CRISPR/Cas9, ce sont deux éléments biologiques : CRISPR et Cas9. CRISPR – pour Clustered Regularly Interspaced Short Palindromic Repeats – est un système naturel utilisé par les bactéries pour se protéger des infections virales. Quand une bactérie est attaquée par un virus, elle se protège en découpant son ADN et en garde la mémoire en conservant quelques fragments. CRISPR est une sorte de disque dur pour stocker ces fragments. Quand la bactérie est de nouveau attaquée par le même virus elle possède alors sa « fiche d’identité » stockée dans CRISPR. Les fragments « mémoire » vont agir comme un aimant en reconnaissant l’ADN du virus et permettre l’intervention d’un ciseau moléculaire, Cas9, qui découpe et détruit le virus. La bactérie est ainsi protégée du virus.

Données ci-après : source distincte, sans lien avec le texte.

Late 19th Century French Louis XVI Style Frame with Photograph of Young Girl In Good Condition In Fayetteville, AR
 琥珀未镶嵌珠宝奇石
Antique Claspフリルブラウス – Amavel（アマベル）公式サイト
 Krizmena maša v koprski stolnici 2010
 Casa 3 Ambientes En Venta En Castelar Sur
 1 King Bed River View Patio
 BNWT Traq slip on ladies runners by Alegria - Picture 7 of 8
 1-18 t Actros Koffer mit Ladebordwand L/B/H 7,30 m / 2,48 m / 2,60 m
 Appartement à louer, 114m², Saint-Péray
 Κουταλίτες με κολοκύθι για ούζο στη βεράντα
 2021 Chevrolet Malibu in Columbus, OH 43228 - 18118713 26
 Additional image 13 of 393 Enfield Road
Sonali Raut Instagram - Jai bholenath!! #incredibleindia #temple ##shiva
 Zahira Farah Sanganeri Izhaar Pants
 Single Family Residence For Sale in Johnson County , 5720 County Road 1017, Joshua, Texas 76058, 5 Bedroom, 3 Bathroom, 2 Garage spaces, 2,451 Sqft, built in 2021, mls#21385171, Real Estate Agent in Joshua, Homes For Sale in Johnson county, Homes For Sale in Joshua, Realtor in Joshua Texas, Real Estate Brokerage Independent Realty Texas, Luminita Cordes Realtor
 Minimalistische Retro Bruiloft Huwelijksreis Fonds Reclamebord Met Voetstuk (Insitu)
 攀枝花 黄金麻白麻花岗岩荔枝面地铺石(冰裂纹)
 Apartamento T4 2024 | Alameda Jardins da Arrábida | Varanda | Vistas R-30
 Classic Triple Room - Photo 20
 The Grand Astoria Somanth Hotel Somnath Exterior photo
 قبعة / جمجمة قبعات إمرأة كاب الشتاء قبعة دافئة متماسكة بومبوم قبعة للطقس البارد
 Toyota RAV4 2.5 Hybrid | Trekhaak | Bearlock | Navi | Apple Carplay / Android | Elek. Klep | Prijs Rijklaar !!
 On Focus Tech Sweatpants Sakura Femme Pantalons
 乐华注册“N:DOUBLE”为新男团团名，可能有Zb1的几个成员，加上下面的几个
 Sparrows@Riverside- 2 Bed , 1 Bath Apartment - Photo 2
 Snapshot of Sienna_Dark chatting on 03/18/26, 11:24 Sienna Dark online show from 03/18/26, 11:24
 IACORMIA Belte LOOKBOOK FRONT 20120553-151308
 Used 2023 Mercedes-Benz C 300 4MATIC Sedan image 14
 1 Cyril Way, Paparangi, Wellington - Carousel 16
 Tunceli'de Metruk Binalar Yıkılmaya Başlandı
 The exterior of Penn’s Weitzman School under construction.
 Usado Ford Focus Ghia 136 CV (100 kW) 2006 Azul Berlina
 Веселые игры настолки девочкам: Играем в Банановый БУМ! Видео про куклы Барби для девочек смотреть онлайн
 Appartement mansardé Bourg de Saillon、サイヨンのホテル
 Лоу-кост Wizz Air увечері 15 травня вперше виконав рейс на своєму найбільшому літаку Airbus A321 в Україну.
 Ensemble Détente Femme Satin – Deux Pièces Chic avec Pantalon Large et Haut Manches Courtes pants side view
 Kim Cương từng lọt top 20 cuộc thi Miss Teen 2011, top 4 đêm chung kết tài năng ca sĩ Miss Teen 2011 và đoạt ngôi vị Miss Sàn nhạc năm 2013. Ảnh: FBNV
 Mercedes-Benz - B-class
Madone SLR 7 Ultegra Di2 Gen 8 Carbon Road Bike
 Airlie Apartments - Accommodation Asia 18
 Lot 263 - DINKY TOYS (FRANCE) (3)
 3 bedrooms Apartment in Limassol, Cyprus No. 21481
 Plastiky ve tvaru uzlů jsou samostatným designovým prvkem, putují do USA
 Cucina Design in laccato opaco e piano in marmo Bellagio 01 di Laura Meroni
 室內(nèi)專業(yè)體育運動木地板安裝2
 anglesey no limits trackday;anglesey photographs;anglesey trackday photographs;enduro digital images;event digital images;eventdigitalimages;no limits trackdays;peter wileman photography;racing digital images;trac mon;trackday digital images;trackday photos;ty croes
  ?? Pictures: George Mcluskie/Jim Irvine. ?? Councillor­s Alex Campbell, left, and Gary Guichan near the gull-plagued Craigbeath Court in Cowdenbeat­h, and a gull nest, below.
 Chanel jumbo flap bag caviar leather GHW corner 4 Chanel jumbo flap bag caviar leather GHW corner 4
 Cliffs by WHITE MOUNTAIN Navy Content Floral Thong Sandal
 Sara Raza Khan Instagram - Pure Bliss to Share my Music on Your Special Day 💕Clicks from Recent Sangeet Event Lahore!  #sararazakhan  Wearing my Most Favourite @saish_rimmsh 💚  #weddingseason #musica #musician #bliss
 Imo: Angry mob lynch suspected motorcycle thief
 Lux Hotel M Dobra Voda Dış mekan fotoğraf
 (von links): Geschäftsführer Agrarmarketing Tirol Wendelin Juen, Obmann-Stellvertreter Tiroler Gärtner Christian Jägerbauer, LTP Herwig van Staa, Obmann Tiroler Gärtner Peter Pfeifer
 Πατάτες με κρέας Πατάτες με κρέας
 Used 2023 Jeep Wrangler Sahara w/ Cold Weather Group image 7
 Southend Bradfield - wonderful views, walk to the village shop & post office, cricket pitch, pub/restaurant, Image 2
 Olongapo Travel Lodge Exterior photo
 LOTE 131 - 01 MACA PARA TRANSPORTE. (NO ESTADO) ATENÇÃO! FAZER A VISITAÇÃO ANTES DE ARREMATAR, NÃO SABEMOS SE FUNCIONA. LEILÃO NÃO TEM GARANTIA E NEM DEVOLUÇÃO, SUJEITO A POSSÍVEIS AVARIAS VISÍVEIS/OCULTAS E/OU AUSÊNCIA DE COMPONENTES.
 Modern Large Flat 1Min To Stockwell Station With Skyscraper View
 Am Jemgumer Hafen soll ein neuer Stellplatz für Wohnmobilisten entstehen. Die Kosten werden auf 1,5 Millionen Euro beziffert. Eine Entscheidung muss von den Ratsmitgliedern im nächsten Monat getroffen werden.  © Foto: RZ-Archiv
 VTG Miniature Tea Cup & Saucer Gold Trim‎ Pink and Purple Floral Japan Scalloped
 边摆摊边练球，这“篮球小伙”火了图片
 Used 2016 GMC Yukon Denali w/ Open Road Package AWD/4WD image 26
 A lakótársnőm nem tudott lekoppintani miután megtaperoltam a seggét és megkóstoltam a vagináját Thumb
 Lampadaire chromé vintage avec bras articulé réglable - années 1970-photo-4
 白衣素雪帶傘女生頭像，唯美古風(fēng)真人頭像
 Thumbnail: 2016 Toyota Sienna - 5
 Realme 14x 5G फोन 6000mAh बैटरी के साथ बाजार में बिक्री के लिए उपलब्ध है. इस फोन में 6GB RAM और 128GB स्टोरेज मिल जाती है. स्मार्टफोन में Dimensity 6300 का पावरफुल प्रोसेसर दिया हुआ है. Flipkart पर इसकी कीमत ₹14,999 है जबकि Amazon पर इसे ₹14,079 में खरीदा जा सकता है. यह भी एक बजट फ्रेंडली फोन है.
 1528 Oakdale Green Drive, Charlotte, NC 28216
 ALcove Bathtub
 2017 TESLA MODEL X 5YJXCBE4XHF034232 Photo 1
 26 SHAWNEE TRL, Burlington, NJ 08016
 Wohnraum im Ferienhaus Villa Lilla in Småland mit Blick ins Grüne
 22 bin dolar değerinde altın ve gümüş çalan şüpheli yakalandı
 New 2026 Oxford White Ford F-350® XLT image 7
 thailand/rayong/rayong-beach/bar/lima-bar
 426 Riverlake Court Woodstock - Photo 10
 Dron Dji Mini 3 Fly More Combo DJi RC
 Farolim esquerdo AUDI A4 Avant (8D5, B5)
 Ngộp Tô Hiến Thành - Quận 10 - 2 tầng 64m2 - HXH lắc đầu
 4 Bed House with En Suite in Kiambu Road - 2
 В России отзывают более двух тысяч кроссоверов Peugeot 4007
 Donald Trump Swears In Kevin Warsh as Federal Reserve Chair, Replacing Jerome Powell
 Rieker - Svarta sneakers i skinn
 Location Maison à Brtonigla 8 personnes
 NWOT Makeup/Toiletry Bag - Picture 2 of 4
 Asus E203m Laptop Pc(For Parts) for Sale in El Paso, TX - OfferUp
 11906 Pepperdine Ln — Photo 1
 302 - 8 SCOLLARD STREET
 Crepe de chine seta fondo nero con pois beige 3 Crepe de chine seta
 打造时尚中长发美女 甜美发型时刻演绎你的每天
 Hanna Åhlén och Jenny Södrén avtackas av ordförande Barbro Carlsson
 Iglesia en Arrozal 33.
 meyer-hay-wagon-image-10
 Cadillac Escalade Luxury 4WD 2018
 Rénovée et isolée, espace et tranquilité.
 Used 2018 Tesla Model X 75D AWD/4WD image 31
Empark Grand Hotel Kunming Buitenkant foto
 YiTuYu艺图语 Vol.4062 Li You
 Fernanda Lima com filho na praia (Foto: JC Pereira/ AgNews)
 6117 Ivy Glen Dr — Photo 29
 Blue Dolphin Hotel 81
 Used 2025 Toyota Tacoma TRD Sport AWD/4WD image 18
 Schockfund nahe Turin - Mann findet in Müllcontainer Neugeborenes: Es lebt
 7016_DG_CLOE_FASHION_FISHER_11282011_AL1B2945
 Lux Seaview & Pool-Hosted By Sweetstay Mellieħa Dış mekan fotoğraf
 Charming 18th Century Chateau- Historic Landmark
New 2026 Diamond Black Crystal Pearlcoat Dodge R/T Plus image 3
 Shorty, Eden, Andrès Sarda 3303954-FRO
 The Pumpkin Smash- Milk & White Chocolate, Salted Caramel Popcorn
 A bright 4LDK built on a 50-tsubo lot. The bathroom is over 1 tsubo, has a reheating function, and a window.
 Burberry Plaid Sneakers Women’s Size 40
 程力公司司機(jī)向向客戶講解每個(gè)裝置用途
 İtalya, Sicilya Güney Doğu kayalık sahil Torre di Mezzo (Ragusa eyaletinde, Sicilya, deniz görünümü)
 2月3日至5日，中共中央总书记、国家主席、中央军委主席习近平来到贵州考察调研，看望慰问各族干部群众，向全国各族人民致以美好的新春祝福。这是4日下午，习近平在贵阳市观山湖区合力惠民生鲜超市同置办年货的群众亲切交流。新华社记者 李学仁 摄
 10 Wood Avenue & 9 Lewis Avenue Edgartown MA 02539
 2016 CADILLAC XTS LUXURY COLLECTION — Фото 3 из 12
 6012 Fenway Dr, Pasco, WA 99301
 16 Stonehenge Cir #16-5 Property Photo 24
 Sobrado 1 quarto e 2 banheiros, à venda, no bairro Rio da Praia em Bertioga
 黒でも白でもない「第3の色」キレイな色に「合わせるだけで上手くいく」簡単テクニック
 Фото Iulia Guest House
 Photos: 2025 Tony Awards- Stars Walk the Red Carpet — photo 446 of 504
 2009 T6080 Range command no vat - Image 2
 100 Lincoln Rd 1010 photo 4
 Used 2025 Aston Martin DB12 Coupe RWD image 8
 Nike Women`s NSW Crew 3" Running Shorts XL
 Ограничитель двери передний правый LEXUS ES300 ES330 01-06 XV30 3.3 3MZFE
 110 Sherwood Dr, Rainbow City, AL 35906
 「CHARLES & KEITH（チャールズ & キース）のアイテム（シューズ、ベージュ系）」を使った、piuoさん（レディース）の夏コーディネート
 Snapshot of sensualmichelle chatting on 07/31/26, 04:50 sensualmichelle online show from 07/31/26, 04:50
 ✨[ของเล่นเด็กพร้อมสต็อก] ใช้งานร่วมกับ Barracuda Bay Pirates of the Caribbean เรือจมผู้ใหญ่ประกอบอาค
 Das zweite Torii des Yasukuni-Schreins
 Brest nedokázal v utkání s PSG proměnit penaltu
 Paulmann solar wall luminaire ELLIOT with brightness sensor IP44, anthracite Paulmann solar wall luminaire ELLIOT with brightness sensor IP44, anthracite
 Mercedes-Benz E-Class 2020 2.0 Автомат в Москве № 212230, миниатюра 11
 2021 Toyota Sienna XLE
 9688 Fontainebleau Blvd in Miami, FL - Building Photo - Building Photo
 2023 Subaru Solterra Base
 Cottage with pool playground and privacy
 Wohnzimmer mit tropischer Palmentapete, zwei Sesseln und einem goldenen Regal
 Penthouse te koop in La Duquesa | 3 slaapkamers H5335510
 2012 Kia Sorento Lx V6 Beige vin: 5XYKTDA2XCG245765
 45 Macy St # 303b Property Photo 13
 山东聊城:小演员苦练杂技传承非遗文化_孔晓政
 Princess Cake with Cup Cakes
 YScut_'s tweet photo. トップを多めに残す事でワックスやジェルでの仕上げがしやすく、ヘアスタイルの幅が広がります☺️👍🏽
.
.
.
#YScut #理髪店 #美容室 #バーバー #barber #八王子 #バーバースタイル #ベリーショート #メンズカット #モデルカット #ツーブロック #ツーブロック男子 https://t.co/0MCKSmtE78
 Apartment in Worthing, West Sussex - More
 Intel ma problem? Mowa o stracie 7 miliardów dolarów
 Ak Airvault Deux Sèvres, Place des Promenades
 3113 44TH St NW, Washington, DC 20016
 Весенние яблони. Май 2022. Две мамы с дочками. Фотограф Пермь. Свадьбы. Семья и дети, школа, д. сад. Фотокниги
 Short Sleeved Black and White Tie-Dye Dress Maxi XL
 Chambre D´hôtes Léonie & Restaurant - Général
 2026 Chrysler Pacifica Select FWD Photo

En 2012, plusieurs équipes ont adapté le principe aux cellules animales et développé des systèmes CRISPR/Cas9 pouvant être programmés pour cibler n’importe quel gène. Grâce à de multiples variants, naturels ou bricolés par des ingénieurs en biotechnologie, il est devenu possible non seulement de couper un gène mais aussi de le réparer, de le modifier ou d’en moduler l’expression, en l’augmentant ou en la diminuant. La méthode est redoutablement efficace, relativement simple, très rapide et peu coûteuse. Une révolution biotechnologique est en marche.